Directors-general of three state government departments have been called in to urgent meetings to discuss the threat which silt in the Brisbane River poses to Brisbane’s water supply.
Read the Generator post that brought the problem to the Brisbane media’s attention.
Read the original at Brisbane Times
Deputy director of the Australian Rivers Institute Professor Jon Olley yesterday warned the Mt Crosby Water Treatment Centre could again be clogged with silt in the next “very heavy” rain.
During January’s flood, Brisbane came within six hours of running out of treated drinking water because the river sediment blocked the Mt Crosby Water Treatment Plant.
Professor Olley recently inspected river banks in the Lockyer Valley, where the silt came from, and found they had been badly damaged in the 2011 and 2013 floods.
He said it was extremely likely the Mt Crosby Water Treatment Plant could be blocked again if there was another bout of heavy rain.
Water Supply Minister Mark McArdle said on Thursday night he was waiting on a Seqwater report to explain the implications of the treatment plant’s failure.
“That report will show exactly why it failed, or could not operate,” Mr McArdle said.
“And it may well be that the catchment, or catchments are in a state that need to be looked at.”
The report is due in a few weeks, he said.
His office also said directors-general from the Environment, Energy and Water Supply and Natural Resources and Mines departments had an urgent meeting on Thursday to discuss the matter.
Several sources yesterday agreed with Professor Olley’s warning, pointing to the Seqwater graph (above) which shows an increasing amount of sediment in the Brisbane River.
The tallest spike represents a four-fold increase in water turbidity (suspended solids) at Mt Crosby after the Australia Day floods of 2013.
The second highest spike is the water turbidity after the January 2011 floods, while the third highest spike dates back to heavy storms in November 1995.
Sources are very concerned that the frequency of heavy rain events is increasing and that there is problem with badly-eroded streams and banks in Brisbane’s upper catchments.
Sources – from within three departments – agree it is time for a renewed catchment approach, but are unsure of their roles within their departments.
Mr McArdle said two forums held in Brisbane next week on developing a 30-year water strategy for Queensland would discuss sediment problem.
“There is no doubt about the fact that catchments are a very important part in the delivery of water to the water treatment plant and how they operate can be very important to the quality of water that is finally produced,” he said.
Mr McArdle said he was happy with the working relationship between the departments of Environment, Energy and Water Supply and Natural Resources and Mines over the issue.
A spokeswoman from Minister for Natural Resources and Mines, Andrew Cripps said no permits had been issued for extracting sand and gravel in the Lockyer Valley.
“Rather, material is being moved around within damaged sections of watercourses to try to rebuild infrastructure and stabilise severely damaged banks,” she said.
The spokeswoman said this rebuilding work would not contribute significantly to sediment in the river.
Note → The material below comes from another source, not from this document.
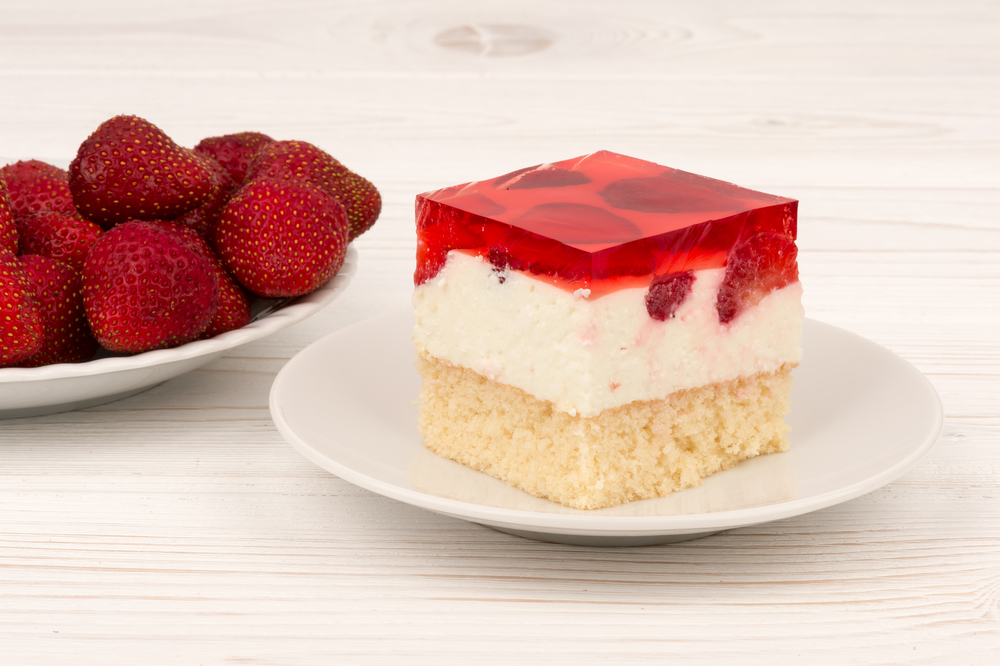 Cheese and jelly cake with strawberries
Brisbane Lord Mayor Graham Quirk – as the president of the South East Queensland Council of Mayors – called for the state government to provide policy advice on the issue.
“I think it is up to the state government in many ways through Seqwater to tell us that it is a serious problem,” he said.
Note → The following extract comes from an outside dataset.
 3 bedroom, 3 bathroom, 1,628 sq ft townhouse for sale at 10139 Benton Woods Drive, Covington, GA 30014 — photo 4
“If there is a recognition that there is a problem, then we need to work in partnership to solve that problem.”
The Council of Mayors, originally a lobbying body for infrastructure funds, has broadened its agenda to include stream catchment issues.
Councils upstream from Brisbane are members of the Council of Mayors.
Mr McArdle said he had no desire to tell councils how to manage their catchments.